Shelley Powers On 09-10-19 13.59:

> On Sun, Oct 18, 2009 at 7:34 PM, Aryeh Gregor wrote:
>> On Sun, Oct 18, 2009 at 7:24 PM, Leif Halvard Silli:


[...]

>>> RDFa is an example of centralized extensibility.
>> Correct.
> 
> I don't agree, but regardless of opinion in this regard, neither
> centralized extensibility nor RDFa is germane to the discussion.

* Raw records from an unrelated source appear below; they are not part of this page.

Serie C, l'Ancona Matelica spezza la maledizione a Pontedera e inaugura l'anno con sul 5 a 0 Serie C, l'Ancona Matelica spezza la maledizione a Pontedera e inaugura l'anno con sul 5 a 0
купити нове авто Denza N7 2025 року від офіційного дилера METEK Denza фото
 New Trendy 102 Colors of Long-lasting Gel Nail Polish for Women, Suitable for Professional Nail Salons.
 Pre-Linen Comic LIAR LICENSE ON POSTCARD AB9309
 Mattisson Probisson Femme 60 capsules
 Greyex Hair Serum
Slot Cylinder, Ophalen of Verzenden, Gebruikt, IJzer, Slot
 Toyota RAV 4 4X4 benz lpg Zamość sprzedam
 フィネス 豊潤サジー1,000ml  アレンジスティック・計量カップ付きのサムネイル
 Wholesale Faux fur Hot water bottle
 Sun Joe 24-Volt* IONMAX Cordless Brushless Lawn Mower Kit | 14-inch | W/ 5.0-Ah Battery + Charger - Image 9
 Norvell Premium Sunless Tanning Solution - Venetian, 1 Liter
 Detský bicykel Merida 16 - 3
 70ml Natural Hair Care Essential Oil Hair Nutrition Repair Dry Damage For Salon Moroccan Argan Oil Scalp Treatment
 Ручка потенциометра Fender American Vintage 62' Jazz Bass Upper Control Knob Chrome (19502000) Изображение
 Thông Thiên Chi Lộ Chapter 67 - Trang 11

Its use is decentralized. But what makes its use valid in HTML is 
the HTML+RDFa document, which is a centrally decided extension of 
the HTML spec. (Kind of illogical ... We do not have namespaces in 
HTML yet. But we can add a namespace based solution such as RDFa 
by writing another spec ...)

The debate about decentralized extensibility is about a centrally 
decided extension method for adding decentral extensions.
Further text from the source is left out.